Dunque, la lunga attesa è terminata e, contro gli auspici di quasi tutti i più autorevoli commentatori, da Obama alla Santa Sede, gli elettori del Regno Unito hanno deciso di abbandonare l’Unione Europea.
Mentre scrivo, tutte le piazze finanziarie sono pesantemente colpite da drammatici ribassi, colte di sorpresa dopo le brillanti performance di tutte le Borse europee nelle ultime sedute, e l’unico leader che ha tenuto un (mediocre) discorso è David Cameron, il premier britannico che passerà alla storia per essersi “sparato in un piede” (tanto per usare un’espressione inglese) indicendo un referendum dal quale aveva moltissimo da perdere, insieme a centinaia di milioni di persone, e ben poco da guadagnare.

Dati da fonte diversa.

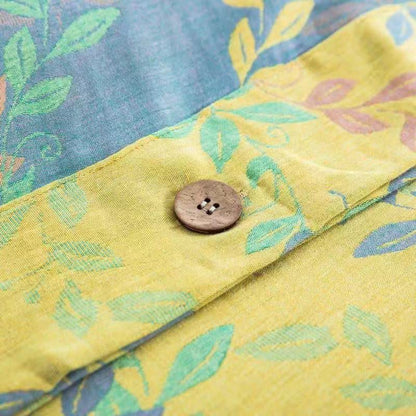 Set di biancheria da letto con bottoni in cotone Refresh Leaf (4 pezzi)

Ma a parte la preannunciata catastrofe economico-finanziaria, cos’altro possiamo comprendere da questo voto in parte inatteso?

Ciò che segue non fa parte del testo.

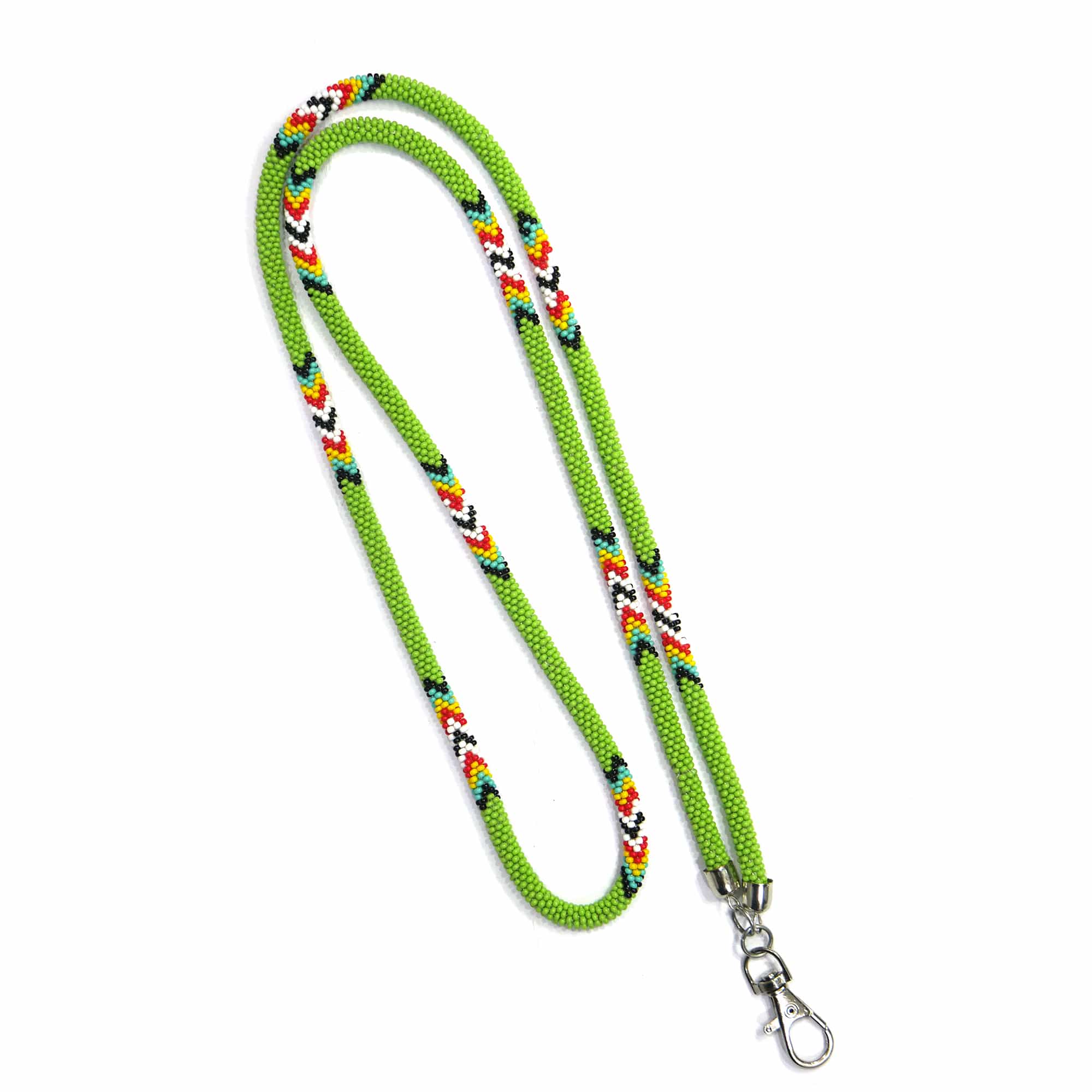 Handmade Native American Green Beaded Crochet Rope Id Holder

Di Brexit e delle sue conseguenze si è molto scritto in questi giorni, e non pretendiamo qui di sostituirci alle analisi più qualificate di economisti e politologi; d’altronde, sulle conseguenze negative per tutti di Brexit ha scritto parecchio tempo addietro il nostro Bezzicante un post nella sostanza ancora valido. Accanto però alle considerazioni strettamente economiche e giuridiche, la questione “cosa accadrà ora?” non può ignorare alcuni fatti alla base delle ragioni di chi ha votato Leave, né altri che sono avvenuti durante la campagna referendaria, ed è proprio a questi punti che vorremmo dedicare alcune non troppo brevi riflessioni.
Sull’UK
In primo luogo, è utile osservare che, secondo praticamente tutti gli osservatori specializzati, la Brexit comporterà almeno nel breve termine per l’UK danni economici ingenti, mentre gli eventuali benefici a lungo termine sono come minimo un’incognita. Non intendiamo qui entrare nel merito di queste previsioni, anche perché esistono numerose ottime fonti, bensì constatare che neanche la realistica prospettiva di una “self-inflicted recession” è stata sufficiente a dissuadere la maggioranza dell’elettorato britannico a votare Leave.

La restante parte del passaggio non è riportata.